If you’ve got a pending community-of-license application pending for an AM or FM station, you may be hearing from the FCC shortly
Last March (as we reported back then) the Commission took aggressive steps to stem the flow of radio stations away from rural areas and into urban areas. A central aspect of that action was a set of modified priorities by which the acceptability of proposed community-of-license changes by AM and FM applicants is to be assessed. The new priorities are to be applied to proposals for new and modified AM and FM facilities already in the pipeline as of the new policy’s adoption back in March, as well as all further such proposals (one exception: the new priorities won’t be applied to any still-pending new/major change AM applications filed during the Auction 84 window in 2006). In our earlier post we spelled out the details of the new priorities, including the overriding “Presumption” of service that serves as a cornerstone to the new approach.

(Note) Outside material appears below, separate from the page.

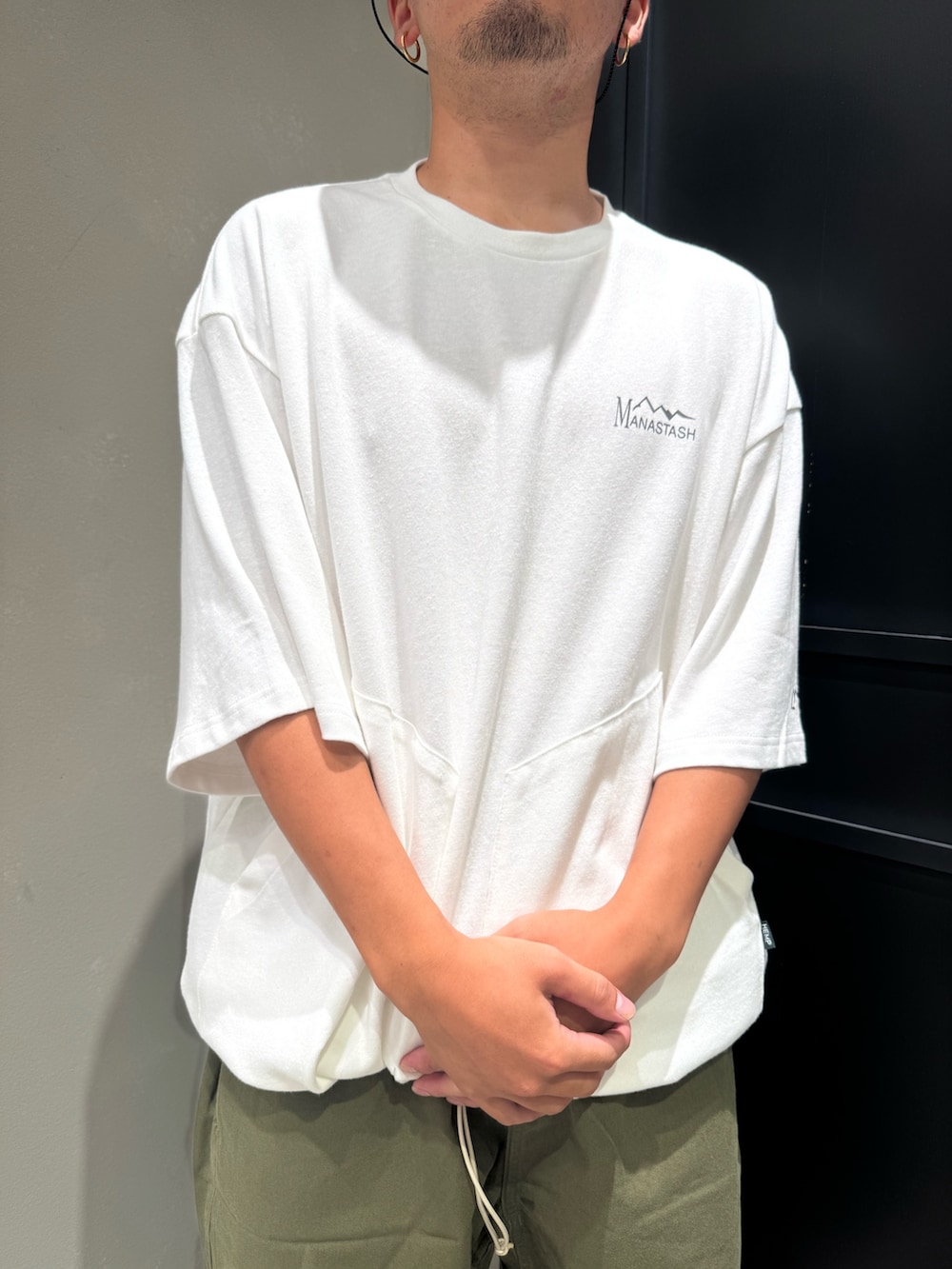 ホワイト系のTシャツ/カットソー、グリーン系のその他パンツ、ブルー系のキャップを着用したメンズの夏コーディネートの2枚目の写真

As we have reported since last March, the precise effective date of the new priorities has been a bit hazy. (Check out our follow-up posts here and here and here.) But never fear, the haze has now lifted. The new priorities – complete with required certifications – have all formally taken effect as of July 19, 2011. This is thanks to (a) prompt and favorable review by OMB relative to the new allotment drill, and (b) publication of a Federal Register notice announcing OMB’s blessing.
The official effectiveness of the new priorities and related Presumption/certification requirements means that the Commission’s staff is now free to require pending applicants to demonstrate that they comply with the priorities and Presumption. Since the staff has been working with the new policies for some time already (hey, they’re the ones who cooked up the new priorities in the first place), the staff has a pretty good idea of which pending applications comply and which don’t – and we’re guessing that lots of those applications don’t.
We understand that pending applicants may expect to receive “deficiency letters” in the not-too-distant future. These billets doux from the staff will be directed to any applicant whose currently pending showing fails to establish that the proposed change in community of license satisfies the new priorities. We’re guessing that the deficiency letter will afford the applicant an opportunity to demonstrate that its proposal does comply with the new allotment approach. Failure to make that showing will result in the dismissal of the application.
One other aspect of the new allotment priorities – creating a “tribal preference” designed to increase the number of radio stations owned by Native American tribes – has also now taken effect. That preference, though, is likely to have a greater impact on future applications than on many (if any) applications already in the pipeline.